La provisión de energía eléctrica en Manta, ciudad portuaria y eje de desarrollo turístico y comercial, debería ser, por definición, un servicio eficiente, continuo y confiable. No lo es.
La población suele soportar, en algunos sectores, variaciones de voltaje que no solo interrumpen el ritmo normal de las actividades cotidianas, sino que representan una amenaza directa para los electrodomésticos y aparatos eléctricos, adquiridos con esfuerzo y muchas veces a crédito.

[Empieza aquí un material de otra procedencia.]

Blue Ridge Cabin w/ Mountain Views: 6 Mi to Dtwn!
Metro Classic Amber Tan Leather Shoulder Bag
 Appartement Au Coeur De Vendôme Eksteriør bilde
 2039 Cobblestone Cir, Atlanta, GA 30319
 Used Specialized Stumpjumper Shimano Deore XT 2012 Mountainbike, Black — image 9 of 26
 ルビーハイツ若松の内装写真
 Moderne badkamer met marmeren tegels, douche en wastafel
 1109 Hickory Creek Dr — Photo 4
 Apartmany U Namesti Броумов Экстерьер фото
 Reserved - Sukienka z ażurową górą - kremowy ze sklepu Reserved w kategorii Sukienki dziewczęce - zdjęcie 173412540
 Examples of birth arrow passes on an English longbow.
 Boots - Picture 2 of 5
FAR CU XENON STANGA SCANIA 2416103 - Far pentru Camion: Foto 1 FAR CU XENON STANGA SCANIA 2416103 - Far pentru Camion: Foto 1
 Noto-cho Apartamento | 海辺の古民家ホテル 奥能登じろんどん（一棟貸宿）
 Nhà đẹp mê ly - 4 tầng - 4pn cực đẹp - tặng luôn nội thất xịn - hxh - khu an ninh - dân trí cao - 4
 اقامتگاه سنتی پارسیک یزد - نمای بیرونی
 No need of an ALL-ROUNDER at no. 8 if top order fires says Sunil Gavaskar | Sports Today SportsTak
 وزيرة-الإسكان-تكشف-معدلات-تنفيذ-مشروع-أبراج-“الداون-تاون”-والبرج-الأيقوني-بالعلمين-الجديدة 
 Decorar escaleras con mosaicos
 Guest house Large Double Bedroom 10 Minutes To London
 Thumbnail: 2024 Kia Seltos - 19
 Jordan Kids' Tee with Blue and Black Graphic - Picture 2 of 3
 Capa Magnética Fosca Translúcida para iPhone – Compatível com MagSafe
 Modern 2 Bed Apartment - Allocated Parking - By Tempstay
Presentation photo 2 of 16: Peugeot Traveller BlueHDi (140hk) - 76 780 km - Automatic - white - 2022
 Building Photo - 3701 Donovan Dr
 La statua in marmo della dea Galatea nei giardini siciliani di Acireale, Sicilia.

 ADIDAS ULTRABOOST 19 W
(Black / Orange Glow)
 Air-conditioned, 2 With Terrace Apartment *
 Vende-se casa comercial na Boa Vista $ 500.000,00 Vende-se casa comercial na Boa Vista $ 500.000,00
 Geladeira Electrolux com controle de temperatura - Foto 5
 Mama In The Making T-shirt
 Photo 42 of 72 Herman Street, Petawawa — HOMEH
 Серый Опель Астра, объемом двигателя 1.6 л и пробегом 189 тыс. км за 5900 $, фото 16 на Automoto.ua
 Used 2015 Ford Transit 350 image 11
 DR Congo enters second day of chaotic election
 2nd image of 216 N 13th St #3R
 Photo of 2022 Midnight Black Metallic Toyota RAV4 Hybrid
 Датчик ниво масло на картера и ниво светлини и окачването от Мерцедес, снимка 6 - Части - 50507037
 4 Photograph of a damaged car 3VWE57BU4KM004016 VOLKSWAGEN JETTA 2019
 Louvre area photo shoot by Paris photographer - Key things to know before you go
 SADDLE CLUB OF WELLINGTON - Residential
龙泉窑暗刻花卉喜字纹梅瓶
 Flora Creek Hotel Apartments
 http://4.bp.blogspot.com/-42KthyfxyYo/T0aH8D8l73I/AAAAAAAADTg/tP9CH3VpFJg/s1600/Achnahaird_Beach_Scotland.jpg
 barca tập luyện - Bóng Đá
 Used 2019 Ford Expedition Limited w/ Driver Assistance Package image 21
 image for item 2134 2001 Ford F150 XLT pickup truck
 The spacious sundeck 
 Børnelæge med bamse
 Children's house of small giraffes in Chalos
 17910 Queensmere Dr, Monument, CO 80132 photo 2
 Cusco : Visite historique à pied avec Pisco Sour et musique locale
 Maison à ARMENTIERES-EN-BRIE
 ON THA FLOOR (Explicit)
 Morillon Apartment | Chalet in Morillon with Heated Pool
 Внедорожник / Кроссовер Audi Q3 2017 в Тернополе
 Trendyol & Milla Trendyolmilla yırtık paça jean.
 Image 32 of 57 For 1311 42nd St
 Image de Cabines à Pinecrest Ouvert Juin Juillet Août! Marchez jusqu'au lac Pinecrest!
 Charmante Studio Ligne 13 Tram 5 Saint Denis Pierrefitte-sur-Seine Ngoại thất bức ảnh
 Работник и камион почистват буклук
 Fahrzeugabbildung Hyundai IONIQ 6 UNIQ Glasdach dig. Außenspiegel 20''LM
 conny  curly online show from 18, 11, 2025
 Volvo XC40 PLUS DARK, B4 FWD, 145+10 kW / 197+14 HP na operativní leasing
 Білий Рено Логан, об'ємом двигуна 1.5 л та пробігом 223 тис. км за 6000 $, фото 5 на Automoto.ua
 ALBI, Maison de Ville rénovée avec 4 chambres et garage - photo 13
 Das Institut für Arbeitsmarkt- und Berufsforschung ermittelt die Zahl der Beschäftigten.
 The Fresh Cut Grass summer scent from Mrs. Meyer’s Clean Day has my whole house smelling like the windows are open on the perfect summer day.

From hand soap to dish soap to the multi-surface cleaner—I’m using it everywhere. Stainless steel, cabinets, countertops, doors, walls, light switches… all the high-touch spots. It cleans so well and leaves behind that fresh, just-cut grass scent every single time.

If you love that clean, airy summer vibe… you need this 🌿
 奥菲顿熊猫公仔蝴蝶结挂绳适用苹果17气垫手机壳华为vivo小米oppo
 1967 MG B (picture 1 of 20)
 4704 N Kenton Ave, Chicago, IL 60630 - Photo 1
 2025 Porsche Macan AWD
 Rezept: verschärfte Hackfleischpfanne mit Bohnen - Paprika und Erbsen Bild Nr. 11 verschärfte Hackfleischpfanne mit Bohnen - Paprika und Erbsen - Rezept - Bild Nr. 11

Estas alteraciones y los apagones son impredecibles, lo que hace que la ciudadanía viva en una permanente incertidumbre, sin saber si al regresar a casa encontrará su refrigeradora funcionando o su televisor convertido en un objeto inútil por una descarga repentina.
Muchas personas deciden no reclamar para no tener que pasar por un proceso de pruebas, tecnicismos y, tal vez, negación de alguna indemnización. Así, el silencio se convierte en una forma de resignación: muchos prefieren callar antes que enfrentarse a un sistema que no reconoce su responsabilidad.
La ciudadanía tiene derecho a recibir un servicio eléctrico de calidad, sin sobresaltos y sin peligros colaterales, porque para eso paga con puntualidad unas tarifas que no son menores, y porque en un Estado que presume de institucionalidad, los servicios públicos deberían responder a estándares de eficiencia y responsabilidad. Si CNEL considera que sus ingresos no le alcanzan para mantener redes estables y seguras, esa carencia no puede, en modo alguno, atribuirse a los usuarios. Las fallas de administración, planificación e inversión deben ser asumidas por quienes tienen a su cargo una empresa que opera como monopolio natural, sin competencia, y con todas las ventajas de un mercado cautivo.
La energía eléctrica no es un lujo ni una concesión del poder, sino un derecho básico cuya prestación debe estar a la altura de la dignidad de las personas. En este caso, el problema no está en la demanda, sino en la ineficiencia de la oferta.